Mama Dove – Brothel owner. She was once in love with Dunlow and had a son who died at four. She allows Lily to hide in her brothel per Underhill's request. Mama Dove works with the white police officers because they keep her business from being shut down.

Silas Prescott – Son of Senator Prescott and Lily Ellsworth's half-brother. He rapes Lily and later murders her. He is questioned twice by Rake about Lily and any information about her and her murder. Silas lies about the information about Lily, but Rake convinces him to tell the truth. Silas confesses to the murder and then kills himself in front of Rake.

== Publication ==

- (2016). Darktown (softcover, 1st print ed.) New York: 37Ink. 978-1-50113-835-5
- (2016). Darktown (hardcover, 1st print ed.) New York: 37Ink/Atria Books. 978-1-50113-386-2
- (2016). Darktown (hardcover, large print ed.) Michigan: Wheeler Publishing Large Print. 978-1-41049-377-4
- (2016). Darktown (ebook, reprint ed.) New York: Simon & Schuster. 978-1-50113-388-6
- (2016). Darktown (audiobook ed.) New York: Simon & Schuster Audio. 978-1-44239-949-5
- (2016). Darktown (audio ed.) New York: Simon & Schuster Audio. 978-1-4423-9948-8
- (2017). Darktown (softcover, reprint ed.) New York: 37 Ink. 978-1-50113-387-9

== Reception ==
Darktown quickly received high praise in literary reviews from respected sources such as The New York Times, The Atlanta Journal-Constitution, The Washington Post, HuffPost, and The Economist. The same year as publication, 2016, Jamie Foxx bought the rights to turn Darktown into a television series.

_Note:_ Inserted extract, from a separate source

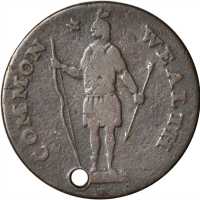 1788 Massachusetts Cent. Ryder 13-I, W-6370. Rarity-7. Period after MASSACHUSETTS. Fine-12.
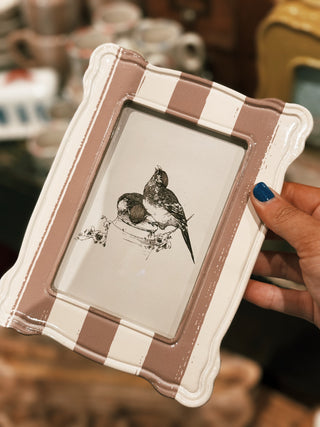 Striped Photo Frame- Brown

The Economist says, "[Darktown] is a fine, unflinching example of the increasingly widespread use of crime fiction to explore social issues." NPR calls the police violence and brutality in Darktowns 1948 setting "disturbingly familiar", bringing attention to the parallels of current policing infrastructure. Marilyn Stasio of The New York Times commended the book for its "ferocious passion" and "incendiary image [that] ignites the next in this highly combustible procedural [...] that'll knock the wind out of you." David Troutt of The Washington Post mentions the real life lynching of Bobby Hall, which occurred a few years prior to the book's start, stating that the book has "proven [Mullen] is skilled at bringing the past to life." The Washington Post further emphasizes that the detail in which Mullen shows racism and corruption in the police force—and against African-Americans in general—is not to be understood as "excessive [...] because we are still living it today". Troutt also proclaims that the book "walk[s] a fine line between art that reminds us of horrors past and art that trades on them with pieces too unfinished to play with," and he concludes that, "Mullen is a wonderful architect of intersecting plotlines and unexpected answers [...] an author who cares about history and how it is being lived by his characters." The Library Journal also reviewed the work, writing that "some readers may brace against the routine use of epithets, but fans of well-written literary thrillers will want this expert example".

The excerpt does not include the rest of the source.